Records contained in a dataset

== Segment start ==

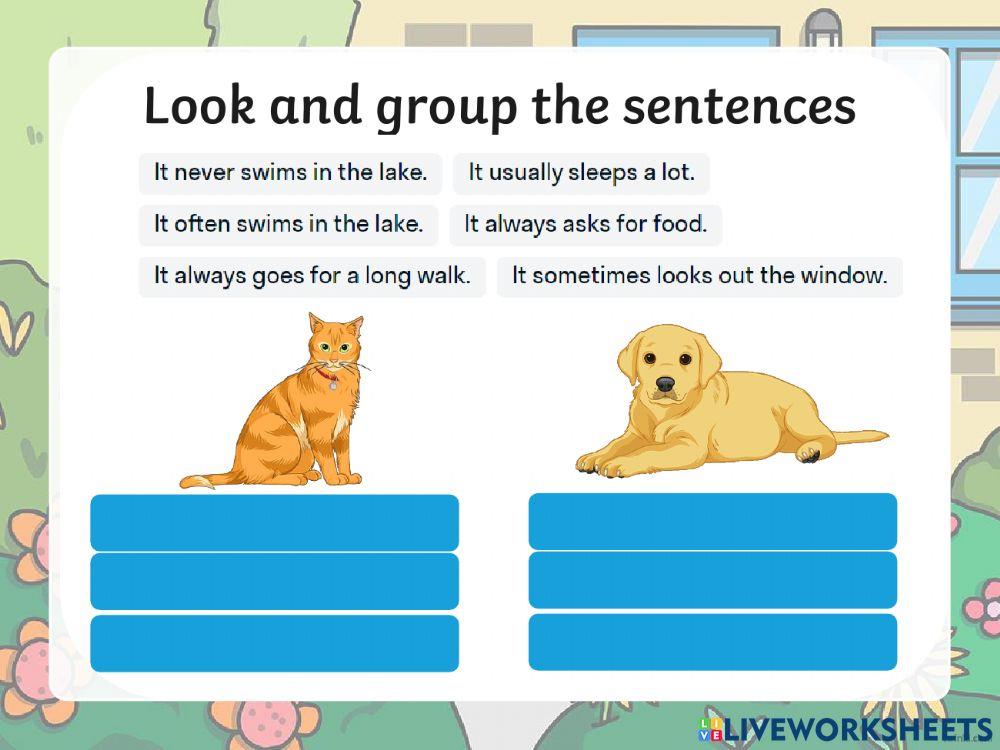 Adverbs of frequency
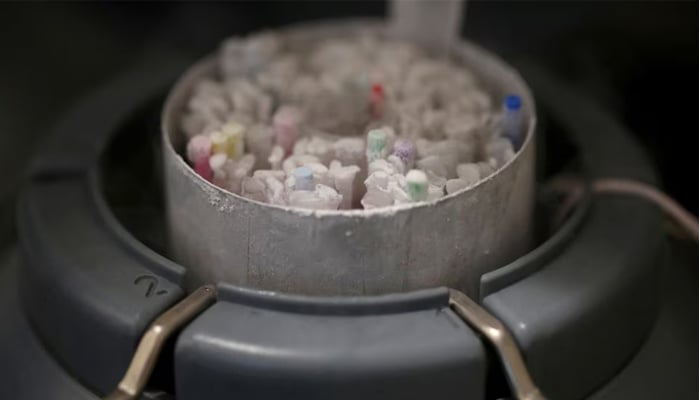 Frozen vials of sperm are seen preserved in an azote-cooled container in a laboratory in Paris, France, September 13, 2019. — Reuters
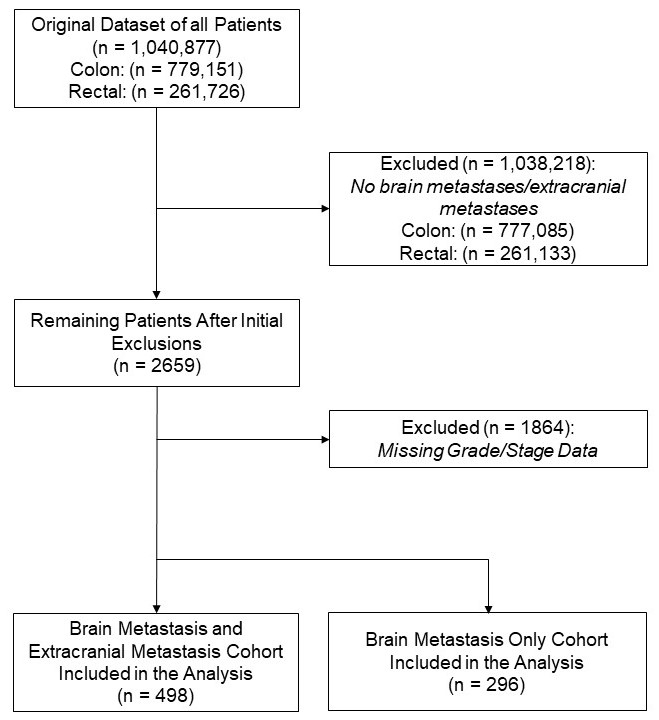 Cancers 17 02531 g001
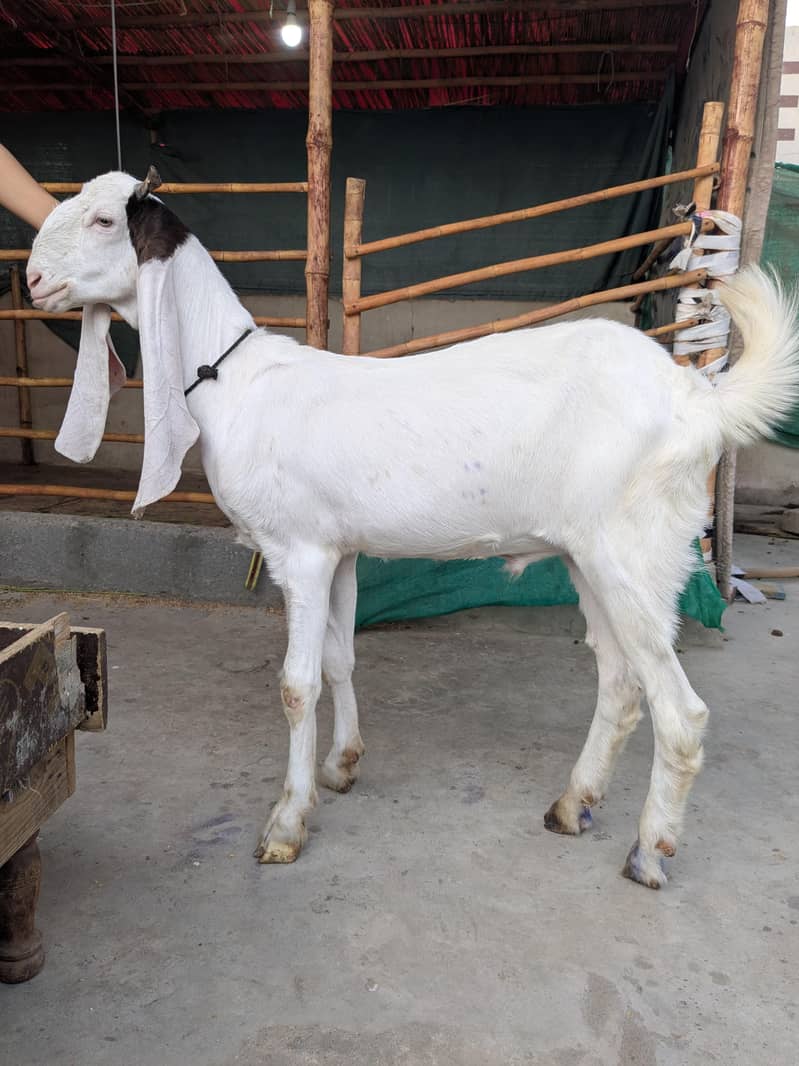 Goats 5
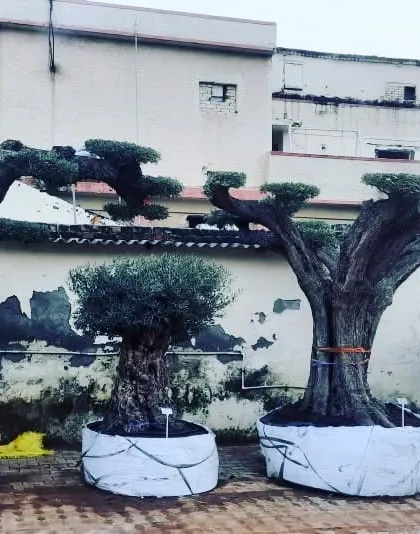 A collection of imported olive bonsai trees, known for their ancient, gnarled trunks. We source national and international varieties.
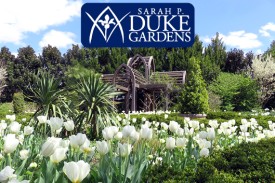 A sea of white tulips and green palms in the foreground, a wooden pergola in the background and the Duke Gardens logo at top.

== Segment end ==

Work instructions
Set down the records again verbatim, with no pictures.

Task solution
 Adverbs of frequency
 Frozen vials of sperm are seen preserved in an azote-cooled container in a laboratory in Paris, France, September 13, 2019. — Reuters
 Cancers 17 02531 g001
 Goats 5
 A collection of imported olive bonsai trees, known for their ancient, gnarled trunks. We source national and international varieties.
 A sea of white tulips and green palms in the foreground, a wooden pergola in the background and the Duke Gardens logo at top.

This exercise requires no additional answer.